One man fights back against a cosseted college culture
If, for some reason, you don’t delight in hearing the word “awkward” overused, Dartmouth is a bad place to be. The word has saturated the diction and culture of the school. Three comics pages in the October Dartmouth (October 4, 12, and 27) feature comics whose punchlines are nothing more than statements of awkwardness. Last year, Dartmouth Everywoman Stephanie Herbert found herself using “awkward” so often that she abbreviated it to “awk” to save time, a convention that has caught on with some segments of campus. With 485 members, “Holy Shit, I’m Awkward!” is the fourth-largest facebook group at Dartmouth, just behind “Dartmouth ‘09s,” which has 585 members – 104 of whom are also holy-shit awkward. In short, “awkward” is a verbal and mental tic that almost everyone on this campus shares. Here, we will discuss its origins and uses, and why it must die.
As used at this school, the word “awkward” denotes a momentary, unpleasant lapse in politeness and conventionality. An awkward situation is one in which someone says or does something uncouth, causing the normally well-lubricated social machinery to grind to a halt. An awkward action or statement is one that leads to the above situation. An awkward person is one who regularly inflicts awkwardness on him- or herself and others. In its myriad forms, the word “awkward” at Dartmouth points to a break in the smooth social veneer that we are all accustomed to perpetuating.
The word has uses beyond its definition. First, “awkward” makes unfunny people funny. People use it, often inaccurately, to make it seem as though they or others are acting hilariously ineptly. So, “I walked home with Rob’s girlfriend last night,” a statement of fact, becomes “I walked home with Rob’s girlfriend last night. It was awkward” – instant hilarity! Awkwardness is an easily accessible and reliable source of humor. This is largely why it is used to death, and shoehorned into situations in which it really doesn’t belong.
More interesting is the use of “awkward” to dispel real or perceived awkwardness. If something has happened that could be considered awkward, someone can always be counted on to say, “Well, this is awkward,” and everything is fine again. “Awkwardness” at Dartmouth is simultaneously a way to denote things that are outside the fold and a way to bring them back in. If something is intense, uncomfortable, or unexpected, “awkward” will diffuse it.
And that is why “awkward” deserves to die: not because it is far overused and has ceased to refer to social discomfort and begun to connote the idea of social discomfort (although that, too, is an excellent reason), but because it represents repression, a subtle and subconscious kind of social orthodoxy. As Dartmouth students, we are used to compartmentalizing ourselves: we have our student selves, our model-citizen selves, our drinking selves, our selves as lovers. We are completely fluent at playing social games of all kinds, or we wouldn’t be here. So why are we so fascinated by awkwardness? Because awkwardness occurs when someone forgets to play a game, or plays the wrong one. Awkwardness is when reality rubs through our layers of subtle dishonesty; “awkward” helps keep this from happening.

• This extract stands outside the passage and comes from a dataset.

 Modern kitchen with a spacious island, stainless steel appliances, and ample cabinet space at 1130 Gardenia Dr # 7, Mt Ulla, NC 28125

Dartmouth is a self-satisfied, comfortable, insular and orthodox culture, a sleepy small town full of privileged children for whom social lubrication of all kinds is second-nature. Vox Clamantis in Deserto is our frightening and beautiful school motto, but far more accurate for today’s Dartmouth would be No Sharp Edges. I am not complaining: Dartmouth is a haven; its lack of brutality, in some sense of reality, is what makes it so alluring. At Dartmouth, we have come to expect smooth sailing, and it’s wonderful that our expectations are so rarely overturned. But “awkward” is the catchphrase of a campus (or a generation – I’m told that the word is big across the country) that values comfort over authenticity. Of course, the idea of acting absolutely authentically, of being completely real, is far too frightening for most of us to even look at directly – and, even if it weren’t, we wouldn’t know how to go about doing it. But that doesn’t mean we need to make the situation worse. Dropping the subtle strangulation of “awkward” would be a step in the right direction.